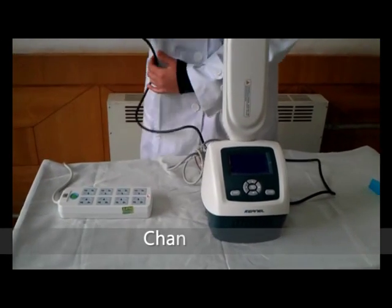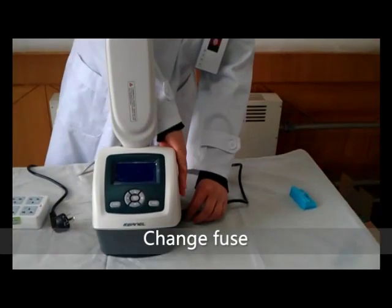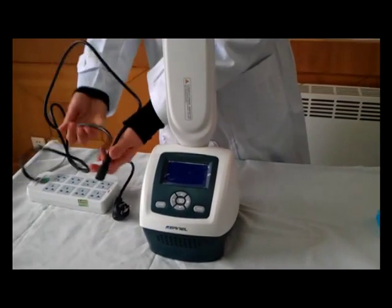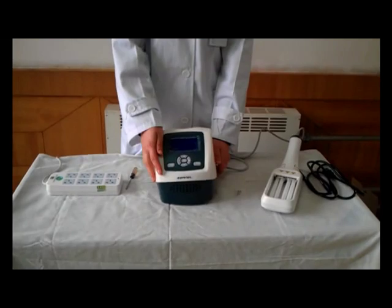Next, we introduce the fuse replacement method. Please disconnect the power supply before replacing. Use fuses of the specified specifications.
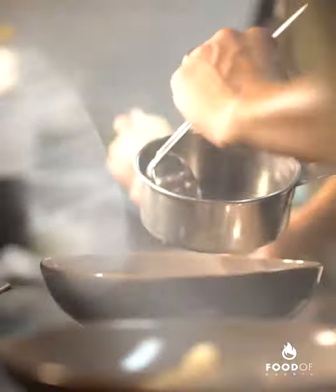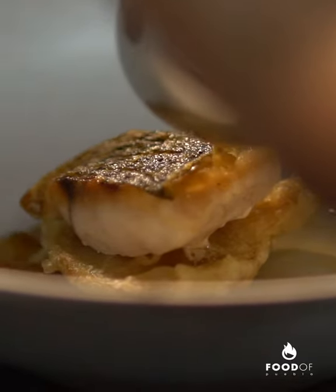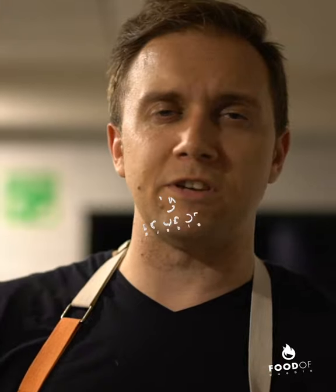Tensuyu is usually used for dipping tempura — it's the sauce you have with tempura — but we actually take that and make a broth with it by infusing it with garlic and tomatoes. So you have a garlic and tomato broth with burnt garlic oil. Then you have this beautiful tempura mushroom, and on top you have the lovina. It's one of my favorite dishes.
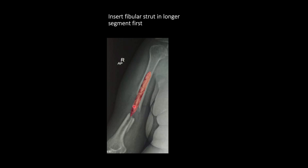Once shaping is done, push the fibular strut into the longer segment first. You have to push the fibular strut in this segment as proximally as possible, until only some part of the graft is proud at the fracture site.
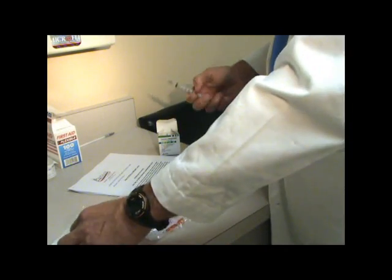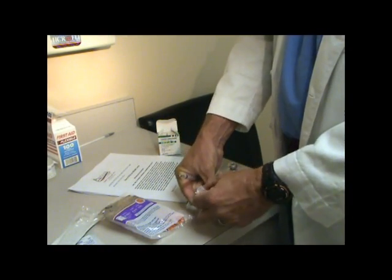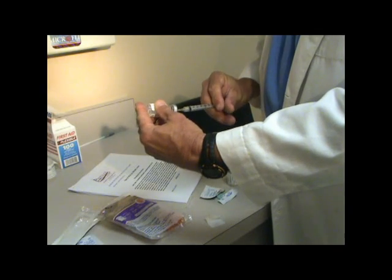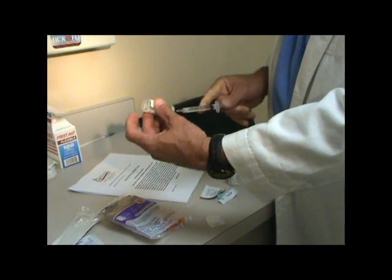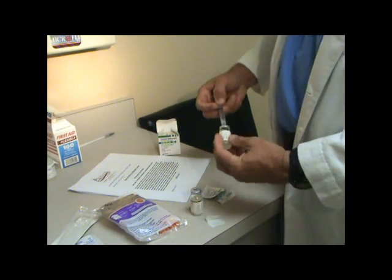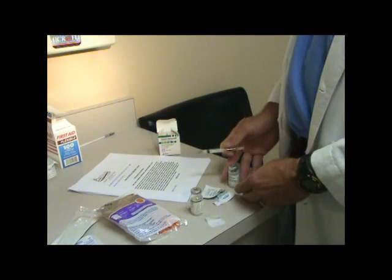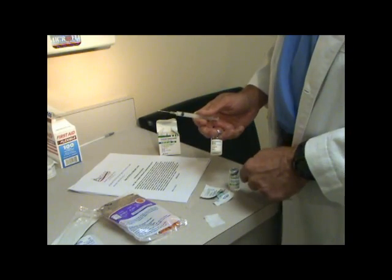That's the first time through. Now, the second time through, you can use an alcohol sponge, drawing the air up and injecting in. It just makes it easier to draw the water back a little more quickly. Rotating as you inject. Then you complete this using the entire volume — the entire amount in the syringe — to fill into the powder.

EXERCISE DESCRIPTION ▸
Inclusive range, exact copy: the line containing "Tensuyu is usually" through the last line of the listing. Print nothing else, and no pictures.

YOUR SOLUTION ▸
Tensuyu is usually used for dipping tempura — it's the sauce you have with tempura — but we actually take that and make a broth with it by infusing it with garlic and tomatoes. So you have a garlic and tomato broth with burnt garlic oil. Then you have this beautiful tempura mushroom, and on top you have the lovina. It's one of my favorite dishes.
Once shaping is done, push the fibular strut into the longer segment first. You have to push the fibular strut in this segment as proximally as possible, until only some part of the graft is proud at the fracture site.
That's the first time through. Now, the second time through, you can use an alcohol sponge, drawing the air up and injecting in. It just makes it easier to draw the water back a little more quickly. Rotating as you inject. Then you complete this using the entire volume — the entire amount in the syringe — to fill into the powder.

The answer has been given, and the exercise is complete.